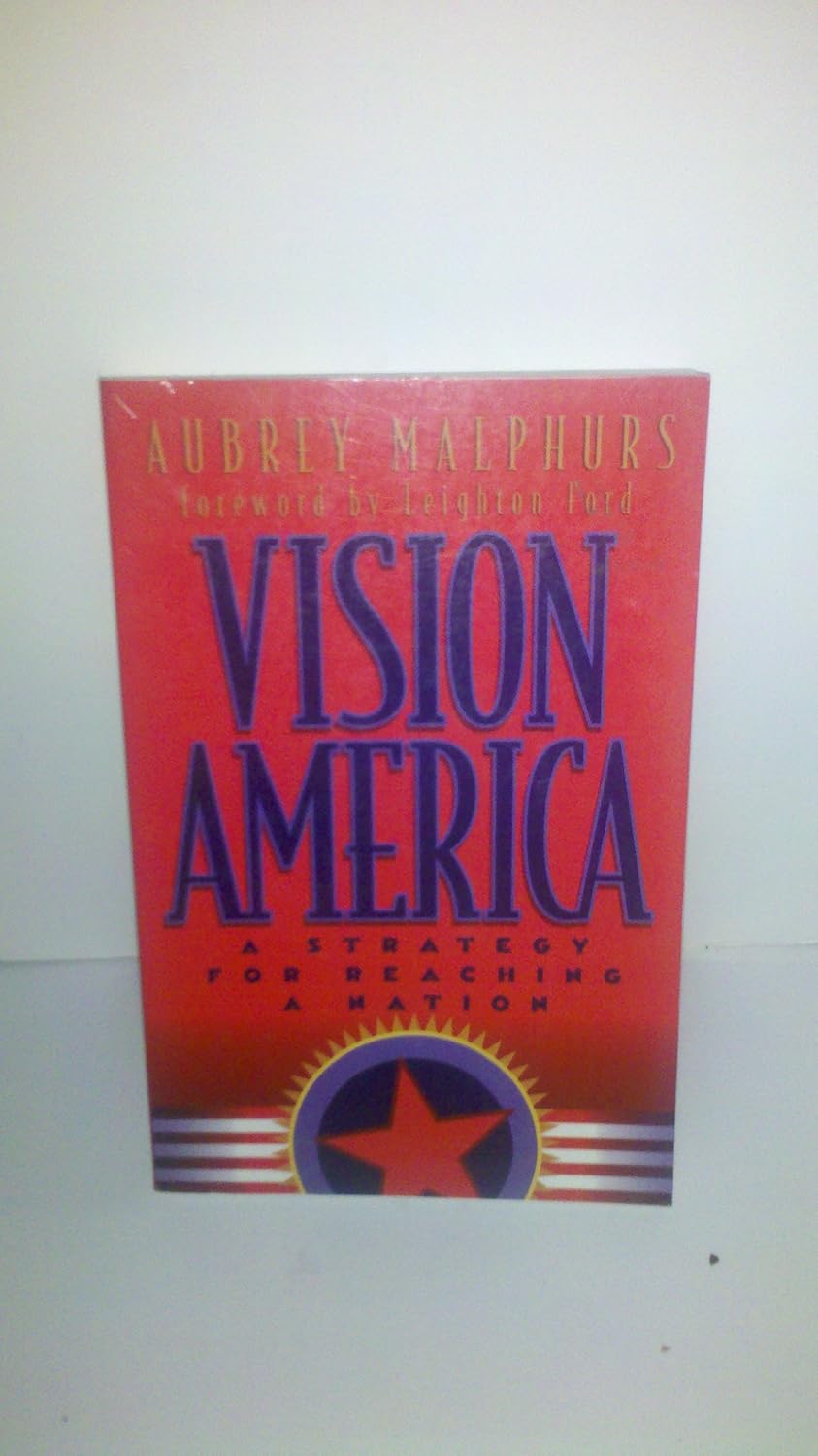 Vision America A Strategy For Reaching A Nation Malphurs Aubrey Vision America A Strategy For Reaching A Nation Malphurs Aubrey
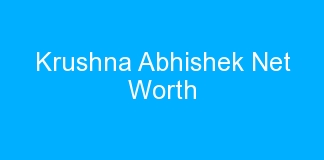 Krushna Abhishek Net Worth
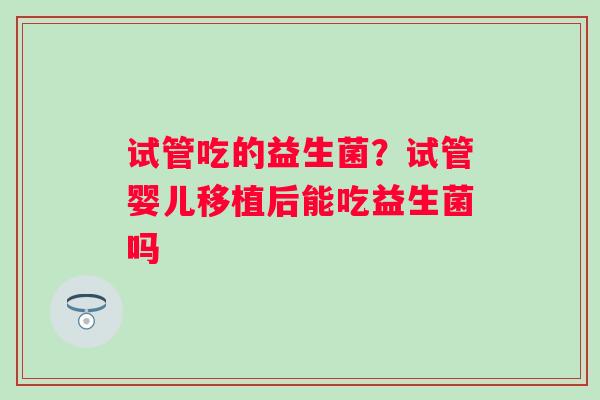 试管吃的益生菌？试管婴儿移植后能吃益生菌吗
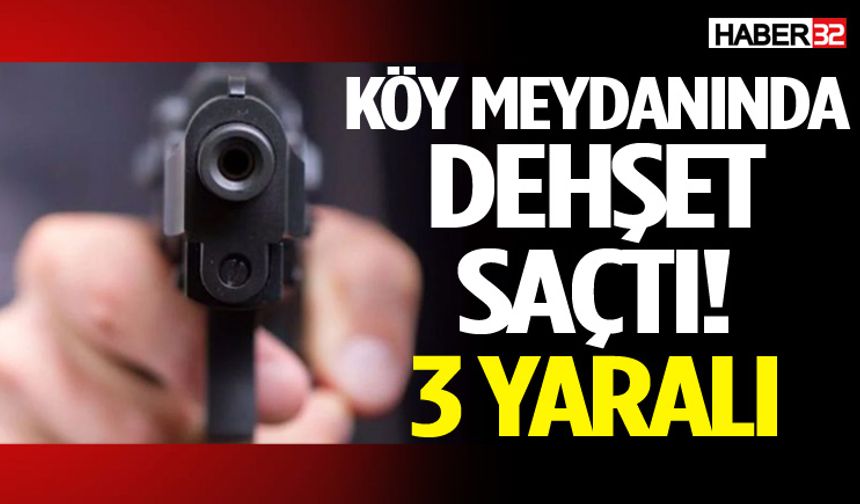 Köy Meydanında Dehşet Saçtı: 3 Yaralı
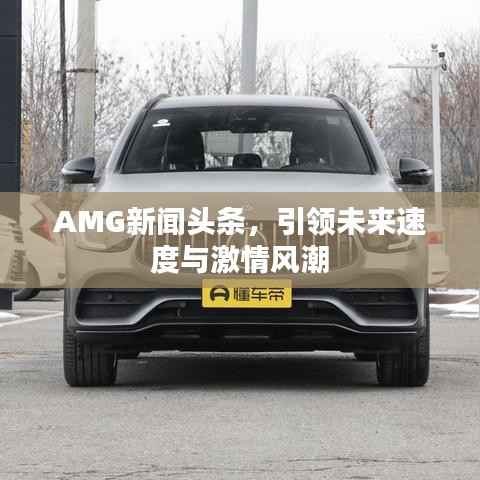 AMG新闻头条,引领未来速度与激情风潮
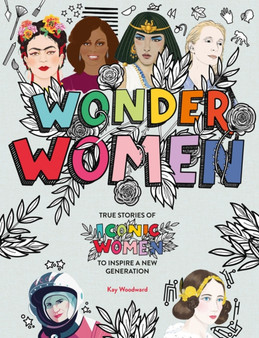 Wonder Women : True stories of iconic women to inspire a new generation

**********

Would you retype the lines from the line containing "Köy Meydanında Dehşet Saçtı: 3 Yaralı" to the final line of the entries above, exactly as given and without pictures?

Written answer »
 Köy Meydanında Dehşet Saçtı: 3 Yaralı
 AMG新闻头条,引领未来速度与激情风潮
 Wonder Women : True stories of iconic women to inspire a new generation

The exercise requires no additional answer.